→ **Instructions for the task**
Only the final stretch of the data is wanted: reproduce the line containing "Nike Black Sports Sneakers" and each line after it, exactly.

→ **Dataset**
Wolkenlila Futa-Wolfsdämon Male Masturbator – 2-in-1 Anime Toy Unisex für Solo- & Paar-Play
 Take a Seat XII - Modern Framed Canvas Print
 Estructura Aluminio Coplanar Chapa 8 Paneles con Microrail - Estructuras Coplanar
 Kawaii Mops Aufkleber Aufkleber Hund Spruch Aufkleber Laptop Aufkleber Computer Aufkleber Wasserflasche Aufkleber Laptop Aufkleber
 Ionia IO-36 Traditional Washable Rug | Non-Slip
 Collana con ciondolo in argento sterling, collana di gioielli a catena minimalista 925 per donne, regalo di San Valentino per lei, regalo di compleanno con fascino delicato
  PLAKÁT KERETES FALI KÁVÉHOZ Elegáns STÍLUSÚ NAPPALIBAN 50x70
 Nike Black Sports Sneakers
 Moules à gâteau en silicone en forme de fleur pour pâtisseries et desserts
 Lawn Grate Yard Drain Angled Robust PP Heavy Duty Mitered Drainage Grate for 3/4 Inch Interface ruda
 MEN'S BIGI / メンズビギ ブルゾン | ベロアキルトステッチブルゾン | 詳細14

→ **Solution to the exercise**
 Nike Black Sports Sneakers
 Moules à gâteau en silicone en forme de fleur pour pâtisseries et desserts
 Lawn Grate Yard Drain Angled Robust PP Heavy Duty Mitered Drainage Grate for 3/4 Inch Interface ruda
 MEN'S BIGI / メンズビギ ブルゾン | ベロアキルトステッチブルゾン | 詳細14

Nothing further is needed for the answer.